In order to calculate the pH, we will first need to identify the corresponding acids and bases used in the given solutions. a) 1.0 M HI - This is a strong acid that dissociates completely in water: \[HI \rightarrow H^+ + I^-\] b) 0.050 M HNO3 - This is also a strong acid that dissociates completely in water: \[HNO_3\rightarrow H^+ + NO_3^-\] c) 1.0 M KOH - This is a strong base, which dissociates completely in water: \[KOH \rightarrow K^+ + OH^-\] d) 2.4 x 10^-5 M Mg(OH)2 - This is a weak base, dissociation equation shows that 2 moles of OH- are produced per molecule of Mg(OH)2, so that needs to be considered: \[Mg(OH)_2 \rightarrow Mg^{2+} + 2OH^-\]

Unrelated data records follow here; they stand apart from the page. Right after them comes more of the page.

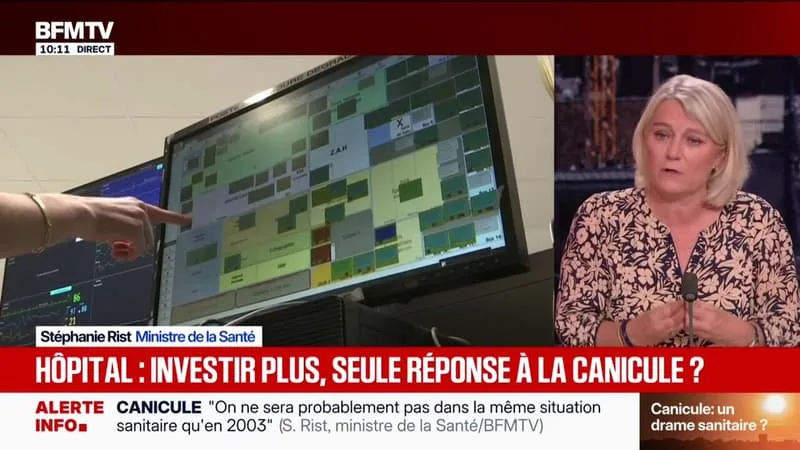 CANICULE: STÉPHANIE RIST ÉVOQUE UNE « AUGMENTATION D’APPELS AU SAMU ENTRE 40 ET 60% »
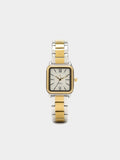 Reloj Bicolor Con Pulsera De Acero Inoxidable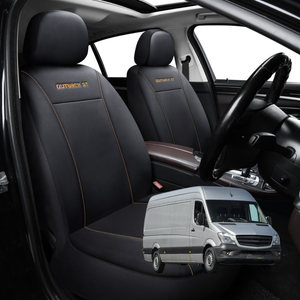 Car Seat Cover for Mercedes-Benz Sprinter 2006 - 2018 (906, NCV3) - Black-Front Only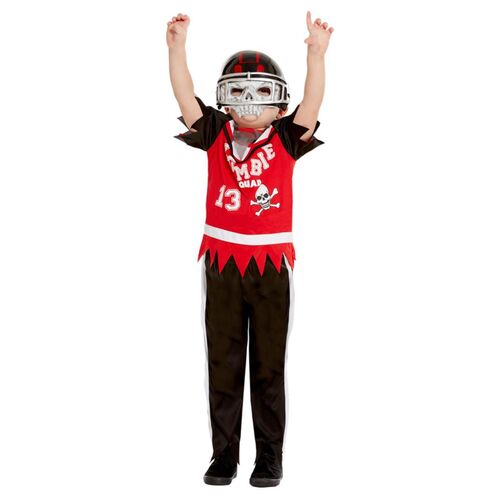 Zombie Football Player Child Costume Size: Large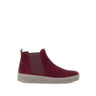 Bottines chelsea rouges en cuir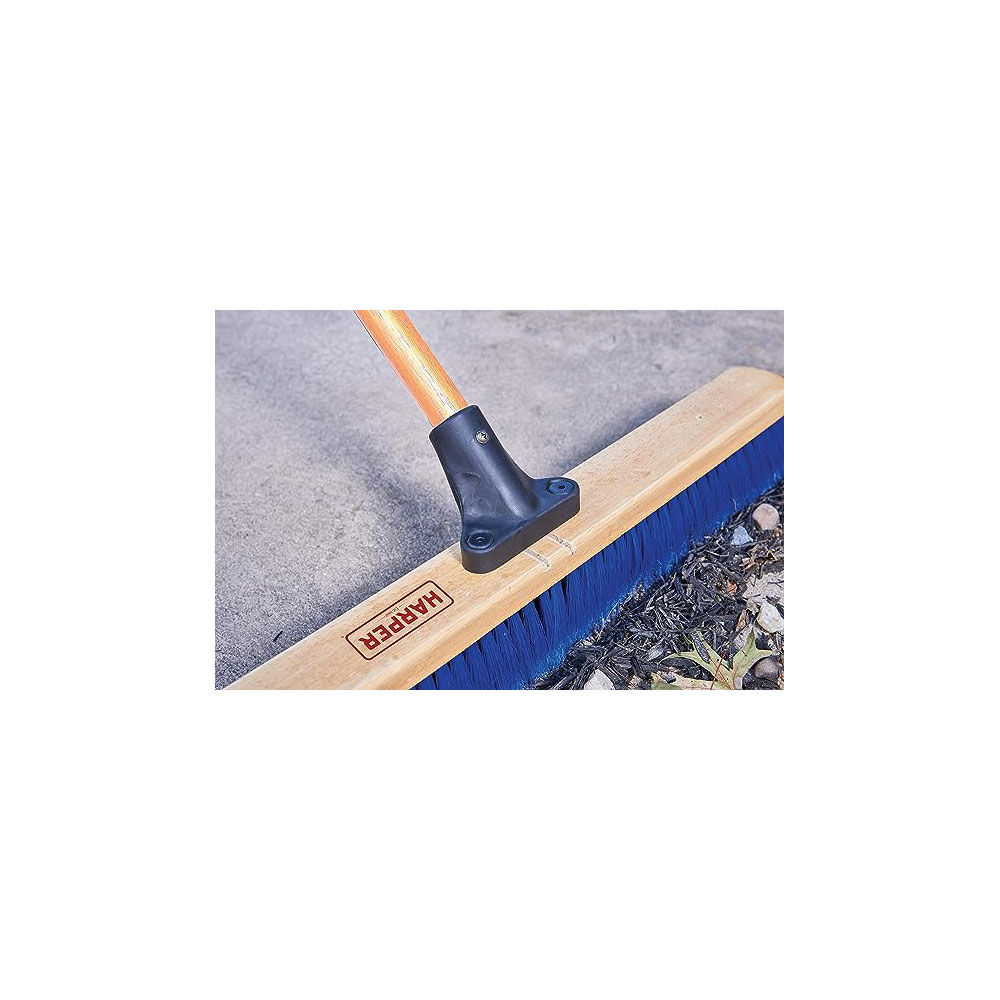 Harper 24 In. Indoor/Outdoor Dual Bristle Push Broom for Multi-Surface Cleaning, large image number 4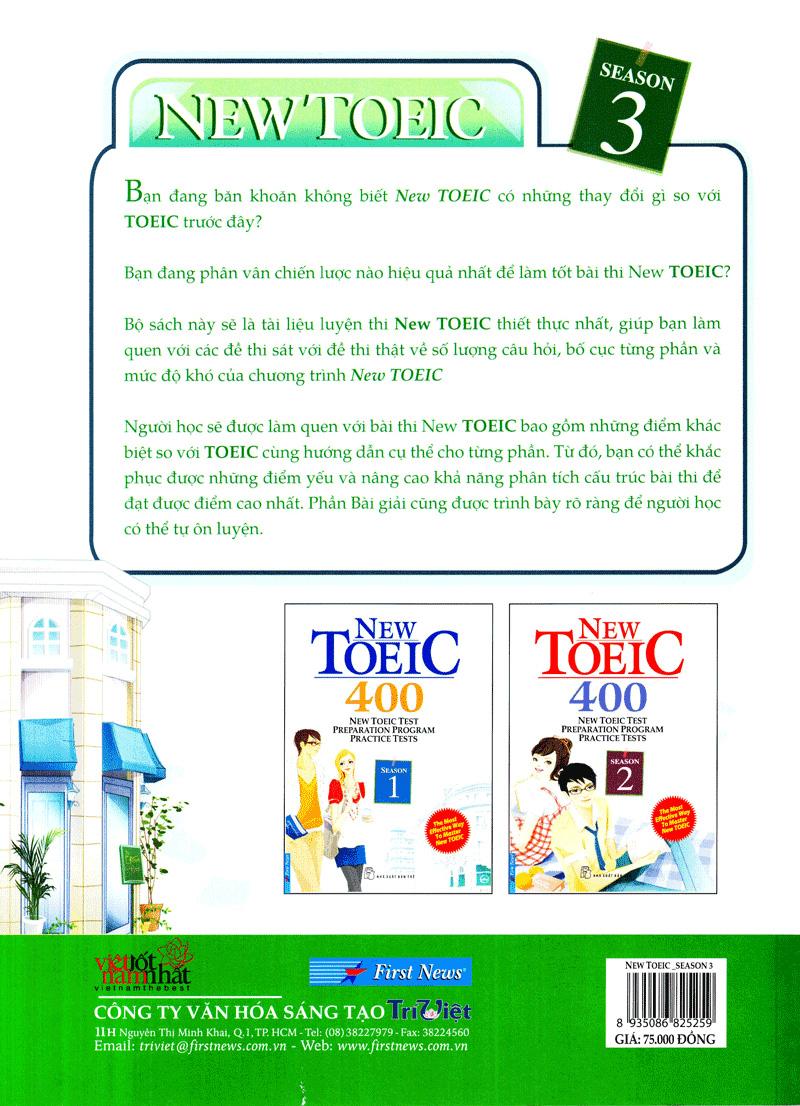 New Toeic 400 - Season 3 (Không Kèm CD)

Using the dissociation equations, we can now determine the concentration of H+ or OH- ions present in each solution. a) 1.0 M HI -> [H+] = 1.0 M b) 0.050 M HNO3 -> [H+] = 0.050 M c) 1.0 M KOH -> [OH-] = 1.0 M d) 2.4 x 10^-5 M Mg(OH)2 -> [OH-] = (2.4 x 10^-5 M) * 2 = 4.8 x 10^-5 M

Now that we know the concentration of H+ or OH- ions in each solution, we can calculate pH or pOH using the following formulas: pH = -log[H+], pOH = -log[OH-], and the relationship between pH and pOH (pH + pOH = 14). a) 1.0 M HI -> pH = -log(1.0) = 0 b) 0.050 M HNO3 -> pH = -log(0.050) ≈ 1.3 c) 1.0 M KOH -> pOH = -log(1.0) = 0 -> pH = 14 - pOH = 14 d) 4.8 x 10^-5 M Mg(OH)2 -> pOH = -log(4.8 x 10^-5) ≈ 4.3 -> pH = 14 - pOH ≈ 9.7

Finally, we can summarize our pH results for each solution. a) The pH of 1.0 M HI is 0. b) The pH of 0.050 M HNO3 is 1.3. c) The pH of 1.0 M KOH is 14. d) The pH of 2.4 x 10^-5 M Mg(OH)2 is 9.7.